8. Nurse Practitioners (tie)

Hispanic Nurse
Burlingham /

In our recent study, we found that the nurse practitioner occupation is one of the the most promising jobs for employment and pay. Although the percentage of Hispanics and Latin Americans who work as nurses is relatively low, it is increasing. From 2016 to 2020, the percentage of Hispanics and Latin Americans who worked as nurse practitioners relative to all nurse practitioners increased from 3.5% to 6.3%. Overall, the employment of Hispanics and Latinos as nurse practitioners increased by 123%.

10. Logistics

logistics factory worker
wavebreakmedia /

The occupation of logistics specialists, individuals who analyze and coordinate an organization’s supply chain, completes our list of the 10 fastest growing jobs for Hispanics and Latin Americans. The number of Hispanic and Latino logistics companies increased by approximately 16,500 from 2016 to 2020. As a result, 2020 data showed that approximately 1 in 5 US logistics companies were Hispanic and Latino.

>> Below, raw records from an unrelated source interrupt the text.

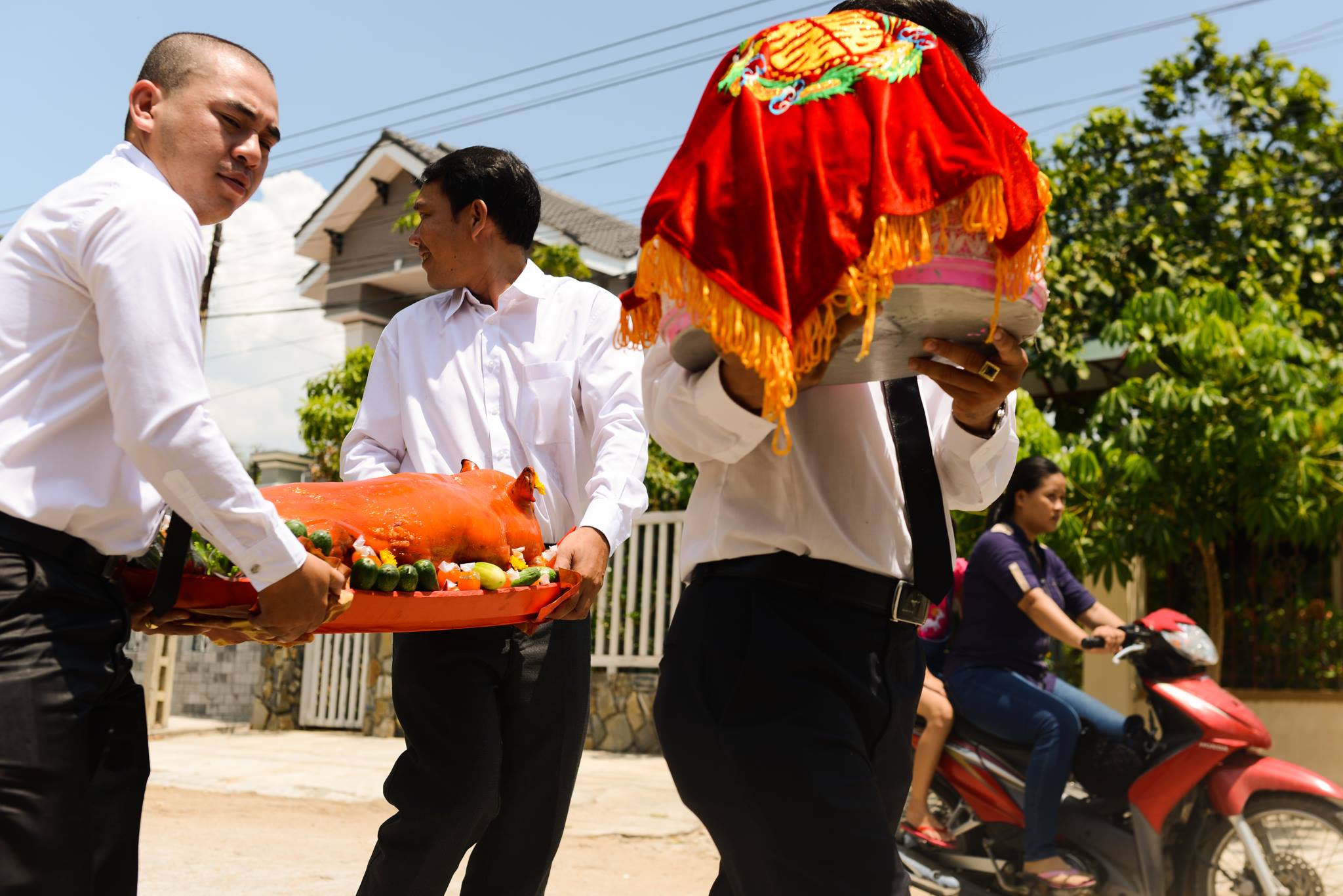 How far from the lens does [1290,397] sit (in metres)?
7.92

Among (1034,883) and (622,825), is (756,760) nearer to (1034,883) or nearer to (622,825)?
(1034,883)

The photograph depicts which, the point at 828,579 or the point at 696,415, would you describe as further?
the point at 828,579

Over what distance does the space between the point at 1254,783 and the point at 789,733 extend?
3013 mm

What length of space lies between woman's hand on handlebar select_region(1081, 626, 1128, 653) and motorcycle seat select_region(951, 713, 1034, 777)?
430 mm

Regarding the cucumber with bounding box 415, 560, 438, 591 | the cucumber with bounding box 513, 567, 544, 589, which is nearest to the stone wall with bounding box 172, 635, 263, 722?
the cucumber with bounding box 513, 567, 544, 589

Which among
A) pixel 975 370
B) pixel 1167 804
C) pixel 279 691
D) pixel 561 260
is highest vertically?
pixel 561 260

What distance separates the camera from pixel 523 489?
2.66m

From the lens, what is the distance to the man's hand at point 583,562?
8.85 ft

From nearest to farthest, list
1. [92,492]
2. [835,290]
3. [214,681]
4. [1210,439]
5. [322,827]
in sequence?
[835,290]
[92,492]
[322,827]
[1210,439]
[214,681]

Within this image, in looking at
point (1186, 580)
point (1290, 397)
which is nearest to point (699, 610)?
point (1290, 397)

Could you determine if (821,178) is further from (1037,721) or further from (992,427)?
(1037,721)

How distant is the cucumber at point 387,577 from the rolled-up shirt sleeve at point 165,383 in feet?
0.79

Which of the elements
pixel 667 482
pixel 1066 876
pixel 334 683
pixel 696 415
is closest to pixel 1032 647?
pixel 1066 876

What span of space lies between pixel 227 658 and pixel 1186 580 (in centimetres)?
1154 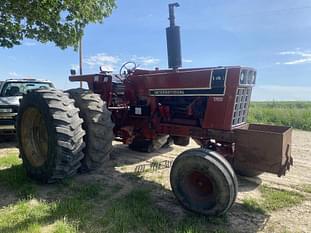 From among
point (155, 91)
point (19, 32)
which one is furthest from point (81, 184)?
point (19, 32)

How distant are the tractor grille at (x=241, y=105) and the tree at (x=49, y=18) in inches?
235

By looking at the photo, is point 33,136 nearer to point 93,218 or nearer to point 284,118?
point 93,218

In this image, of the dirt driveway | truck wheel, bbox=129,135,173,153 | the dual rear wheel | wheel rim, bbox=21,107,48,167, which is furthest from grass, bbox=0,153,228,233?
truck wheel, bbox=129,135,173,153

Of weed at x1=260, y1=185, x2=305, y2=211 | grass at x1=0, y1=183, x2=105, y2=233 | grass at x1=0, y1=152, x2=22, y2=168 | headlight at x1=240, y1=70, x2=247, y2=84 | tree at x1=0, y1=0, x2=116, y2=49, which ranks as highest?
tree at x1=0, y1=0, x2=116, y2=49

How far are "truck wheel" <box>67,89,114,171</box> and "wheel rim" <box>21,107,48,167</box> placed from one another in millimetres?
695

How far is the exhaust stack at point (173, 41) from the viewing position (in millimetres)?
Answer: 4598

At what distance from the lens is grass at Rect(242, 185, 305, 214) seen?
388cm

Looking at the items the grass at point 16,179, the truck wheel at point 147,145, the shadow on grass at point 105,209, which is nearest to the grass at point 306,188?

information and methodology

Woman holding cash /

To find the fastest growing jobs for Hispanics and Latin Americans, SmartAsset examined employment data for 2016 and 2020. We filtered out any occupation that employed fewer than 5,000 Hispanics and Latin Americans in 2016. We also filtered out any occupation with “other” or “Miscellaneous ”In the title due to the lack of occupational specificity. To rank occupations, we analyzed the four-year percentage change in Hispanics and Latin Americans employed in each occupation between 2016 and 2020.

All data comes from the Bureau of Labor Statistics. The data for both years are annual averages. Therefore, approximately nine months of the 2020 data reflects changes in employment affected by the COVID-19 pandemic.